- _Instructions for the task_:
Every line of the material is to be returned verbatim. Pictures stay out.

- _Data block_:
..............................

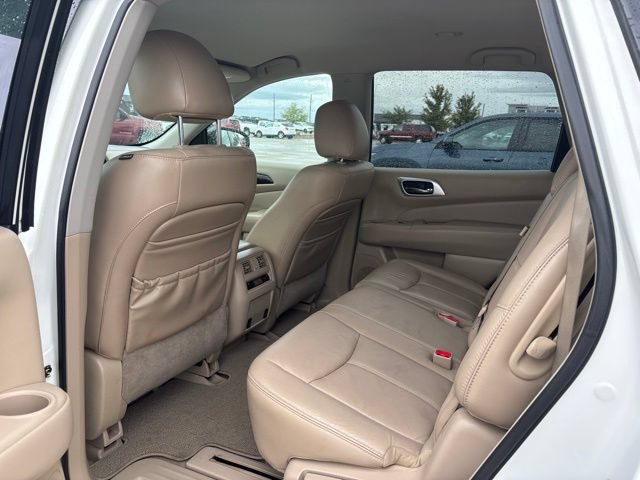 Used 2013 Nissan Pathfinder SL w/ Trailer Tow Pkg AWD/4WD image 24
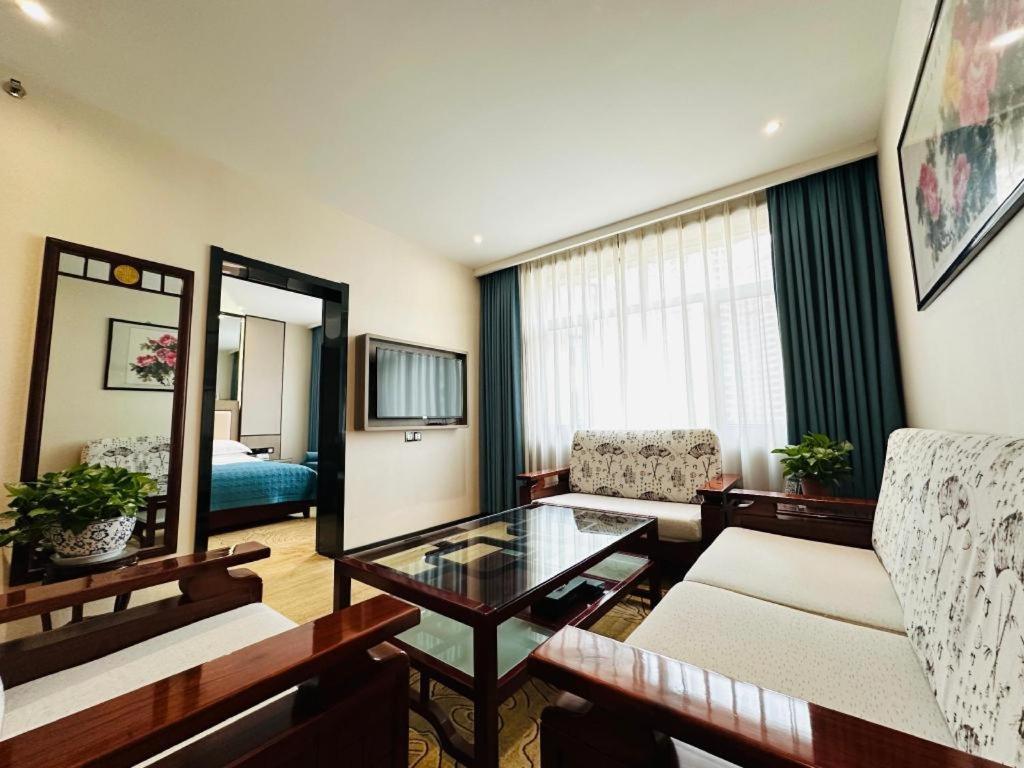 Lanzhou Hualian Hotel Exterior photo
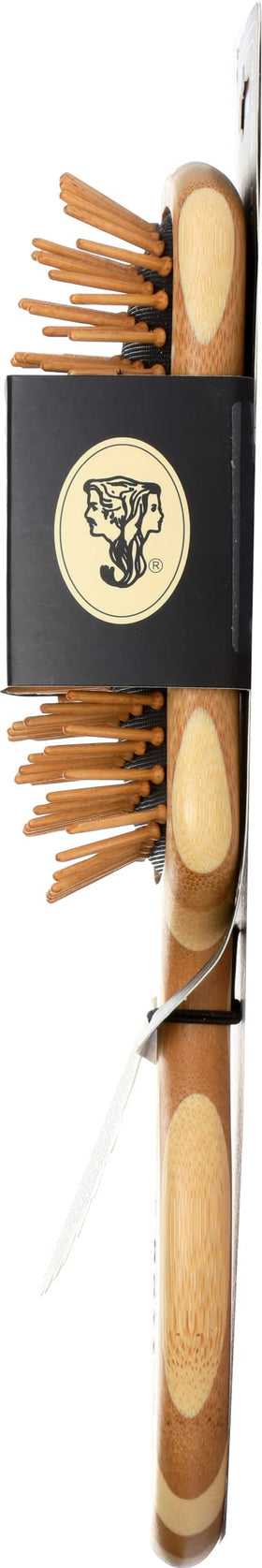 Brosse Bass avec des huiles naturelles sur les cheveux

..............................

- _Output below_:
 Used 2013 Nissan Pathfinder SL w/ Trailer Tow Pkg AWD/4WD image 24
 Lanzhou Hualian Hotel Exterior photo
 Brosse Bass avec des huiles naturelles sur les cheveux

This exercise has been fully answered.